(Stored items from a collection)
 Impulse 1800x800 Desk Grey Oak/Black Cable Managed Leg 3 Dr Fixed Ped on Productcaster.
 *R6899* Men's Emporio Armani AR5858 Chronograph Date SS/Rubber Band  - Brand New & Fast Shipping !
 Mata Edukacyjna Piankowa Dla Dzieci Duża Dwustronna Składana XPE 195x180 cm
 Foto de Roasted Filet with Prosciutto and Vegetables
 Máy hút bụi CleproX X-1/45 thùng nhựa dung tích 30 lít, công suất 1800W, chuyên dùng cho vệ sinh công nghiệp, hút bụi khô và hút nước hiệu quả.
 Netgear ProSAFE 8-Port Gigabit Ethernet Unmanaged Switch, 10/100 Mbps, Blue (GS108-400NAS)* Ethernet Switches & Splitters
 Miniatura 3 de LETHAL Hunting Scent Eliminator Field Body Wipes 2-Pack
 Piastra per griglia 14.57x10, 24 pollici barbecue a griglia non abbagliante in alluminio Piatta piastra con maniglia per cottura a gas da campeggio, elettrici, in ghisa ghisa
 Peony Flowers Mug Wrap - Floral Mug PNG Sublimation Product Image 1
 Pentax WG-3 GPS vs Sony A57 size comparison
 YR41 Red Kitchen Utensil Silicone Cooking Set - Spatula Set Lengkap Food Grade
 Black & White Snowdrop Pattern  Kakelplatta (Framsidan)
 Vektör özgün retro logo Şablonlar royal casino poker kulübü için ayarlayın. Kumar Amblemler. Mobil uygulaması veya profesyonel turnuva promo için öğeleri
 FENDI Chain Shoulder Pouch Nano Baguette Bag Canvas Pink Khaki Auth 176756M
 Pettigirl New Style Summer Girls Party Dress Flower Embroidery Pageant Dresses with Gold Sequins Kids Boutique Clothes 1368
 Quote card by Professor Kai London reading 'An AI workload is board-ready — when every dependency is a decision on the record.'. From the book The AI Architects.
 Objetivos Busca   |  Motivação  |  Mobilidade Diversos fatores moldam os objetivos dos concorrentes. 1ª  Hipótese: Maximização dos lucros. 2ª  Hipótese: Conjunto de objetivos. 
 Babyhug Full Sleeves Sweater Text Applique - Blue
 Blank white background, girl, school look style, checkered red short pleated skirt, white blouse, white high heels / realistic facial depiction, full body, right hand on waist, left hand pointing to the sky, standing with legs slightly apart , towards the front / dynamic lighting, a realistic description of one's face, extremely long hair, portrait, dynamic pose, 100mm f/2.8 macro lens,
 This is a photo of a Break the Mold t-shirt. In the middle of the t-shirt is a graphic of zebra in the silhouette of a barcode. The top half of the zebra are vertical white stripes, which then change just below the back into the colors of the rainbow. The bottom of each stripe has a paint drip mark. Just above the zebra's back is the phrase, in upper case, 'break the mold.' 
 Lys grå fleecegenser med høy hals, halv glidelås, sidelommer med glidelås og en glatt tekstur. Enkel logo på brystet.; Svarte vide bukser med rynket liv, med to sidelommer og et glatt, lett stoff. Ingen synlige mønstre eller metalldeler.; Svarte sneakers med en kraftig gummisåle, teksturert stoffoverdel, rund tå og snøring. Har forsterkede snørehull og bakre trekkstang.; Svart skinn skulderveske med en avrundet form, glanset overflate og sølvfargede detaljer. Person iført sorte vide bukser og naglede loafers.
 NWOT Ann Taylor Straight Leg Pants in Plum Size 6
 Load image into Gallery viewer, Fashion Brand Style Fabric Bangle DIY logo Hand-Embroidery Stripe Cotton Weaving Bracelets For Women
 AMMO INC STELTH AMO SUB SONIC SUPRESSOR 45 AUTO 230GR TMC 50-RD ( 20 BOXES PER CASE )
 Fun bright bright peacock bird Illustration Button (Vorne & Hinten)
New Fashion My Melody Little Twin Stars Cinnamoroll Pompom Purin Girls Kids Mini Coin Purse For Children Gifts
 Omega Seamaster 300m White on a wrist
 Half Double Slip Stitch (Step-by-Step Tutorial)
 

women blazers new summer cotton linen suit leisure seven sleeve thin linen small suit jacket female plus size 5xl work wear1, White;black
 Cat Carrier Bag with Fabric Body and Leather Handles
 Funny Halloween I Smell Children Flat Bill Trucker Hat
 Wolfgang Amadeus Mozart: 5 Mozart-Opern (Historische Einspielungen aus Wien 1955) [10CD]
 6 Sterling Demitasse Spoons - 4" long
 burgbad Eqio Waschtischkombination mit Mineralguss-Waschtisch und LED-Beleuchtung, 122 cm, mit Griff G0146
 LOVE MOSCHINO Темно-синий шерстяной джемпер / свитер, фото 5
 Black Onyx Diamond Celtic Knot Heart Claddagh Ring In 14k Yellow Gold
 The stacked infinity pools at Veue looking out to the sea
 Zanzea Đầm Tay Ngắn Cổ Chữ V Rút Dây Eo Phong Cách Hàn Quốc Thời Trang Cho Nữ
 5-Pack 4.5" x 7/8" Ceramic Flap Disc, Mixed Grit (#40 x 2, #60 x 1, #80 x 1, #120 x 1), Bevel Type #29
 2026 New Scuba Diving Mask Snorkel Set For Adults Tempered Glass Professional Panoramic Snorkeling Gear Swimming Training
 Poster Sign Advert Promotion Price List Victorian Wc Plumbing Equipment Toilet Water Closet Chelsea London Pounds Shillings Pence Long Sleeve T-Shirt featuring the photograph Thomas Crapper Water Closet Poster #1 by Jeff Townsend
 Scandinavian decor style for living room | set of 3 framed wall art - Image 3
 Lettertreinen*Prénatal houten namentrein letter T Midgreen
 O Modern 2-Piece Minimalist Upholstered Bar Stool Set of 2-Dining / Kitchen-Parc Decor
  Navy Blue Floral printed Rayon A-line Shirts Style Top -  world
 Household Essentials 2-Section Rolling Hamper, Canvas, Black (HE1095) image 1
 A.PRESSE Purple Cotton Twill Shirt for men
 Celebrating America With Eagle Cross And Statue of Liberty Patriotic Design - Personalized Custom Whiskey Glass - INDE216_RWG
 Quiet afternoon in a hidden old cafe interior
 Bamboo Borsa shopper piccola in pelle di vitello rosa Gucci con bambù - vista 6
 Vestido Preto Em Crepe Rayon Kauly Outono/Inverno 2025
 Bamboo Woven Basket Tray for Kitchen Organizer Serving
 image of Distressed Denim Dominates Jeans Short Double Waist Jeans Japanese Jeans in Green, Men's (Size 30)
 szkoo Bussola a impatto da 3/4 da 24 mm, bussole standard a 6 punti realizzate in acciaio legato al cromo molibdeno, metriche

» REQUIRED ACTION: The required output is every line above from the one with "Poster Sign Advert" down to the one with "image of Distressed", restated word for word, ends included.

» EXERCISE RESULT:
 Poster Sign Advert Promotion Price List Victorian Wc Plumbing Equipment Toilet Water Closet Chelsea London Pounds Shillings Pence Long Sleeve T-Shirt featuring the photograph Thomas Crapper Water Closet Poster #1 by Jeff Townsend
 Scandinavian decor style for living room | set of 3 framed wall art - Image 3
 Lettertreinen*Prénatal houten namentrein letter T Midgreen
 O Modern 2-Piece Minimalist Upholstered Bar Stool Set of 2-Dining / Kitchen-Parc Decor
  Navy Blue Floral printed Rayon A-line Shirts Style Top -  world
 Household Essentials 2-Section Rolling Hamper, Canvas, Black (HE1095) image 1
 A.PRESSE Purple Cotton Twill Shirt for men
 Celebrating America With Eagle Cross And Statue of Liberty Patriotic Design - Personalized Custom Whiskey Glass - INDE216_RWG
 Quiet afternoon in a hidden old cafe interior
 Bamboo Borsa shopper piccola in pelle di vitello rosa Gucci con bambù - vista 6
 Vestido Preto Em Crepe Rayon Kauly Outono/Inverno 2025
 Bamboo Woven Basket Tray for Kitchen Organizer Serving
 image of Distressed Denim Dominates Jeans Short Double Waist Jeans Japanese Jeans in Green, Men's (Size 30)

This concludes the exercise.